Verify the MCH is connected to the DAQ computer via 1GbE. Verify you can ping the MCH:

ping 192.168.[crate].15

Verify the MCH IP ODB setting is correct.

AMC13: T1 IP Address Read Failure

Verify the AMC13 is plugged into the appropriate slot (above the MCH, see the labeled crate picture). Try pinging T1 and T2 on the AMC13

ping 192.168.[crate].13
ping 192.168.[crate].14

If not, use ipmitool to verify the AMC13 is recognized in the crate. Try to reconfigure the AMC13.

Note: I have seen cases where ipmitool -H 192.168.[crate].15 fru print will not show the AMC13, however the system still works as intended.

Enabled Top SFP Ports Failure

Verify the SFP port location and FMC location ODB settings are correct. Make sure you are using SFPs (such as a Finisar SFP) and not an SFP+ (such as Avago SFP+) in the FC7 and AMC13 optical link. Verify unconnected frontends (crates) are disabled in the ODB.

AMC13: TTC Signal Absent

Verify the SamTech Cable is appropriately connected to the FC7 and bank board. You can put these in the bank backwards, see the labeled bank image for the correct orientation. Verify the signal integrity of the 40MHz clock fed into the signal bank.

Link01: Invalid AMC13 SFP IP Address

Verify the SFP IP in the ODB matches the value read in AMC13Tool2.exe using

rv 0x1c1c

Convert this hex value to an IP and verify it matches the ODB value.

AMC13 Initialization Failed

This error seems to pop up in different cases. Sometimes, it's enough to simply wait 5 minute and try running the frontends again. Another solution is to power cycle the crate.

If you don't want to power cycle the crate, you can issue a "cold reset" to the AMC13:

cd $GM2DAQ_DIR/amc13/amc13_v1_2_18/dev_tools/amc13Config

Ensure systemVars.py looks correct. Then issue a cold reset:

./coldReset.py

Then reconfigure the AMC13; you made need to set the T1 and T2 IPs again. At the minimum you should re-initialize using AMC13Tool2.exe.

TCP initialization failed

Verify the 10GbE NIC is functioning and properly connected to the AMC13. Verify the 10GbE link is properly configured. For instance, in AMC13Tool2.exe

rv 0x1c1c

Convert this hex value to an IP and try pinging it, for instance

ping 192.168.51.1

If you cannot ping this IP, check your network settings for the 10GbE NIC. Verify the IP read above matches the SFP IP ODB value.


Alarms and Run Ending Errors

Alarm: CCC Run Aborted

This was a common error during g-2. At it's worst, it should occur on ~6 hour time scales. You must restart the frontends to re-initialize the crate hardware.

tcp_thread: break the tcp thread loop becuase of a reading error -1

This was a common error during the 2023 test beam at PSI. This error usually occurs because the data buffer between reading in data and processing data has filled up.

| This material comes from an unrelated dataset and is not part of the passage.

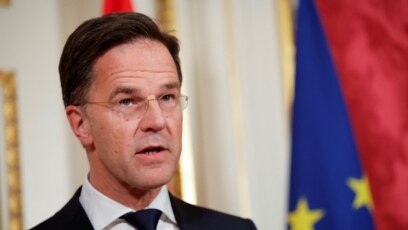 Премиерът на Нидерландия Марк Рюте връчи оставката на правителството си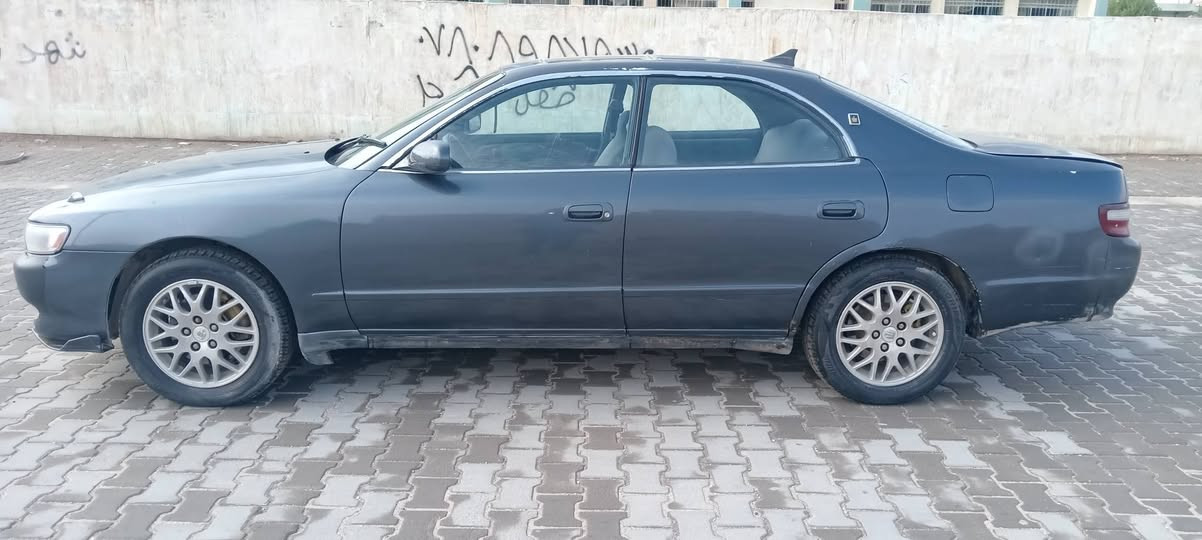 سلام عليكم للبيع شيزر كفاله من كلشي كص ونقل جثه ورسميات بسمي رقم انكليزي مكينه ٢٥٠٠ سعره 50 بيه مجال تخم تاير  تبريد شغال مكان السياره نجف ناحية العباسيه هاذا رقم صاحب السياره ***********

I.e. midas events are being created slower than events are coming in. As a result, the tcp_thread has nowhere to store incoming data and errors out.

This error is rate dependant. One way to fix it is to simply lower the rate. However, the DAQ has been tested and run for long periods at ~5kHz. A better solution would be to minimize the use other processes running on the DAQ computer, particularly those that interact with midas. For example, the publisher is a culprit for causing delays within midas.